Fog Net – Headlands (Bathysphere) review
Headlands – the first full-length Fog Net, a new collaboration Bathysphere Records co-founder Justin Longerbeam and Niko Ramsdell, is ambient in every sense of the word.
It’s ambient in the sense of referring to a particular place – in this case Albion, California. It’s ambient in the sense of working as background listening, a modern take on New Age meditation music that is still engaging enough to hold your attention rapt when you focus on its nine sprawling synth-laden soundscapes. Last but not least, it’s ambient as in Selected Ambient Works, recalling trancy, meditative early ’90s electronic music like you’d find on FAX +49-69/450464 – lush and peaceful chillout room fare, usually without a beat.

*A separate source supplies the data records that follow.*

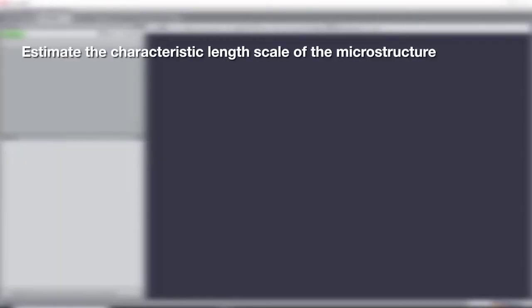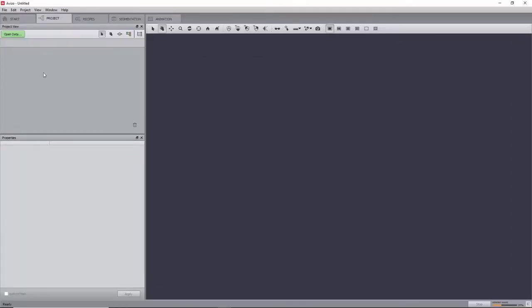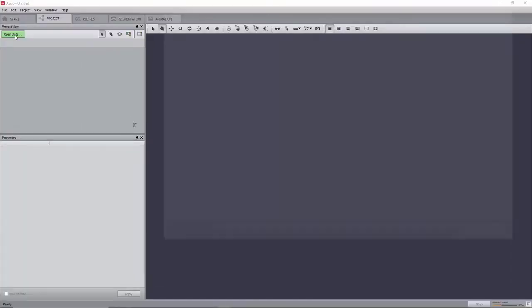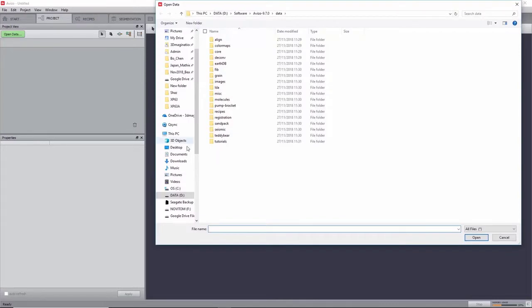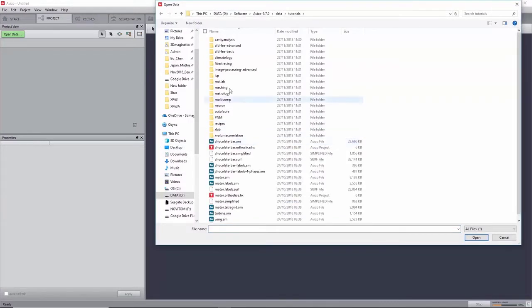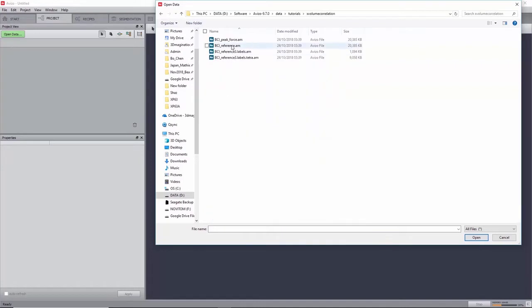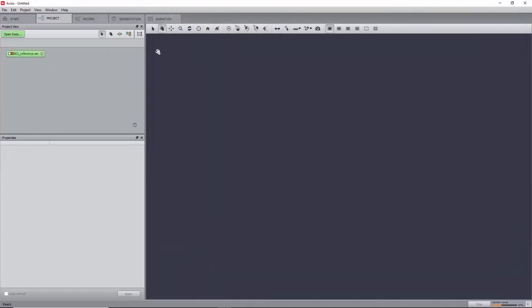The data in this tutorial is courtesy of the University of Portsmouth. We will start by loading bci-reference.am, which can be found in the folder Data, Tutorial, X-Volume Correlation, and we will refer to it as Reference.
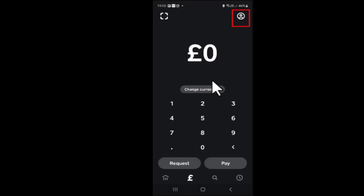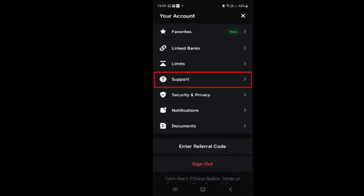Open the Cash App and tap on the profile icon. Once you're on the profile page, go ahead and tap on 'Account' — that's going to direct you to the account and settings page. From the list, you need to tap on 'Cash Card'.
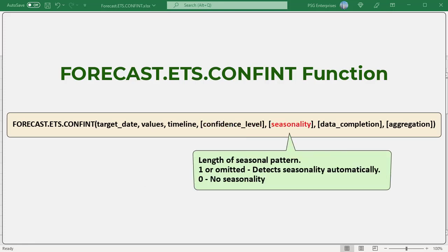Seasonality: a number representing the length of the seasonal pattern. One or omitted is default. Excel detects seasonality automatically by using positive whole numbers. Zero means no seasonality, that is a linear forecast. Positive whole numbers will indicate to the algorithm to use patterns of this length as the seasonality.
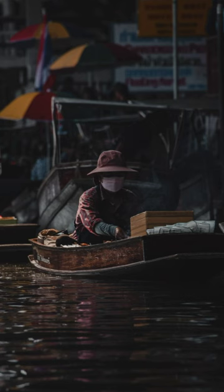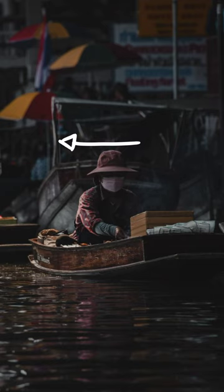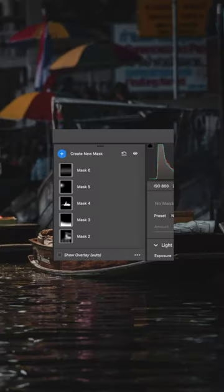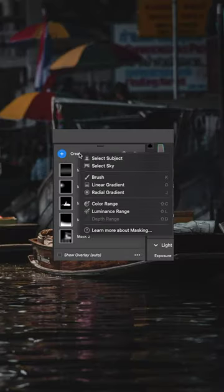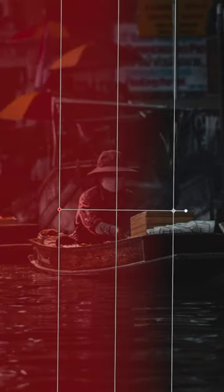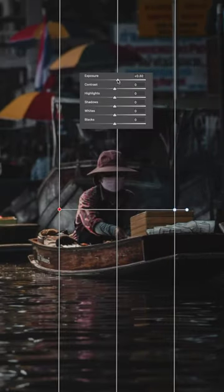You can bend light in Lightroom — who would have thought? If you have an image where the light source is really obvious and you want to intensify this effect, simply create a new radial or gradient mask and select this part of the image. Then slide your exposure slider upwards to intensify this effect.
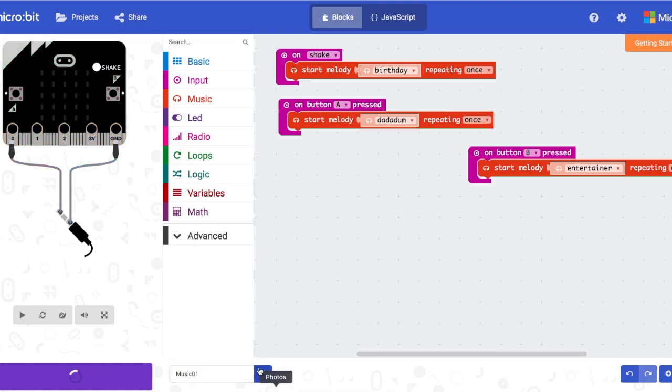After that is done, you can name it music 01 or whatever you like and download it onto your micro:bit.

Headlands was recorded over the span of three days at Ramsdell’s home studio in Albion, California, building a set of guided improvisations around field recordings collected from around the studio like neon barnacles. Melodic modular synth and electronic textures take turns sharing centerstage with subtle field recordings of delicate crystalline streams and the distant sound of surf. This gives Headlands the sensation of piercing some TV screen like a prismatic bubble to wander around some documentary from the year 2000, perhaps about some indoor wave pool, like some kind of Vaporwave Pleasantville.
The electronic bits sound somewhere between lush ’70s progressive electronics, like early Tangerine Dream, Cluster, or instrumental Pink Floyd, mixed with early New Age music. It’s a superb example of all of the above, though, as it makes the most of modern equipment and recording techniques. The pair’s arsenal of DSI Prophet ’08, Roland Juno 106, Arturia Keystep 37, Source Audio Collider – courtesy of Longerbeam – and Elektron Analog 4, Elektron Digitakt, Moog Sub37 from Ramsdell sound downright luxurious, glistening like polished obsidian one moment, pulsing like the world’s most somnolent Jacob’s Ladder the next. It’s a lovely, transportive journey through a singular landscape you’ll want to take again and again. It’s also a lovely introduction to a pair of long-term collaborators finally weaving their magic for the wider world.
Headlands is available on cassette tape (not for very much longer though!) and as a digital download from Bathysphere Records.